Crisis

01/04/2026 04:00
    Hay zonas en las que a pesar de que ha sido evidente cómo el crimen organizado se ha impuesto sobre el Estado, las autoridades parecen estar más cómodas viendo hacia otros lados, mientras el tejido social y económico se desmorona en varias comunidades.

    Tal vez pareciera que es mucho lo que se le sigue exigiendo al Gobierno, pero también, es mucho lo que ha dejado de hacer. Lo hizo antes y lo sigue siendo ahora. Y lo que se le pide no debería considerarse algo extraordinario, porque está obligado a hacerlo.

    Se le exige que cumpla, por ejemplo en Sinaloa, con el tema de la seguridad, porque es una responsabilidad del Estado y el único que tiene la facultad para otorgarla y actuar es el Gobierno.

    Y la realidad actual no permite que se insista en revisar el pasado del que todos ya conocen cuál ha sido el resultado. Importa más tener claro que se está haciendo hoy, y admitir qué se ha dejado de hacer, para garantizar que la paz y la tranquilidad sea restablecida.

    Se le exige al Gobierno también que en materia de acciones contra la violencia, la seguridad y el crimen organizado, la prioridad sea la entidad completa y no solo las regiones en las que se mueven las entidades.

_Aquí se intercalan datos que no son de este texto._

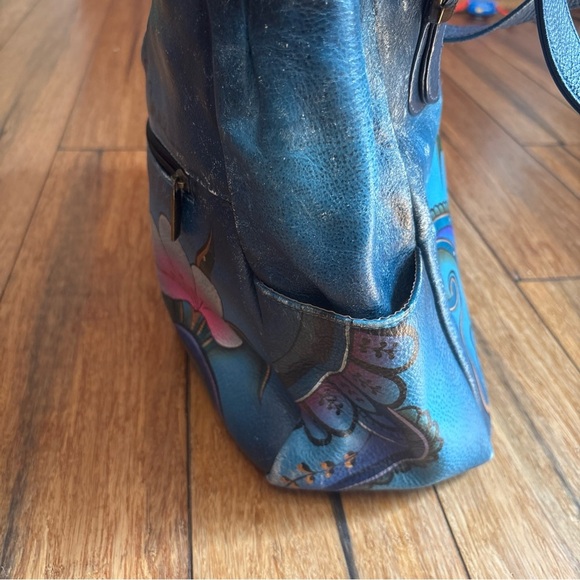 Anna by Anuschka Hand Painted Tropical Flower Leather Medium Shoulder Bag - Picture 12 of 14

    Porque sí, hay zonas en las que a pesar de que ha sido evidente cómo el crimen organizado se ha impuesto sobre el Estado, las autoridades parecen estar más cómodas viendo hacia otros lados, mientras el tejido social y económico se desmorona en varias comunidades.

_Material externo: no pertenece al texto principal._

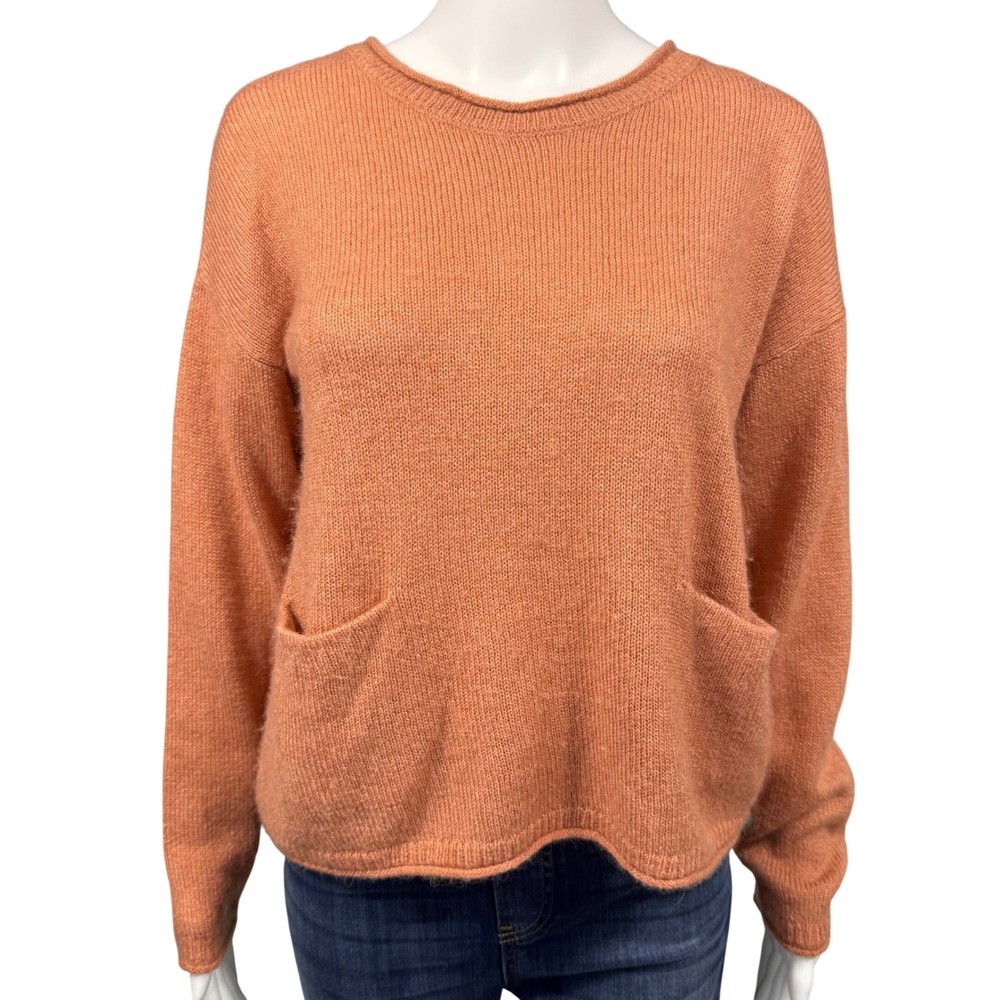 Madewell Small Crewneck Sweater Front Pockets Comfy Cozy  Coastal Grandma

    Se le exige al Gobierno que sea capaz de generar certidumbre para el desarrollo económico de las diferentes regiones, pues aunado con el tema de la seguridad, si bien el Estado no debe involucrarse en las actividades económicas del sector privado, sí debe dar las garantías para que puedan desarrollarse.

    Y por ahora, tras casi 19 meses de violencia que se ha instalado en Sinaloa, para muchos de los que han decidido salirse del mercado y para los que resisten con la esperanza de que las cosas mejoren, la incertidumbre del rumbo económico de la entidad sigue siendo una carga.

    Y la certidumbre, la seguridad, el Estado de Derecho, la integración regional, la tranquilidad, la paz, no se establece con un discurso lleno de buenas intenciones, sino con hechos que parten de reconocer que Sinaloa vive una crisis y hay que atenderla toda, para todos y en todos lados.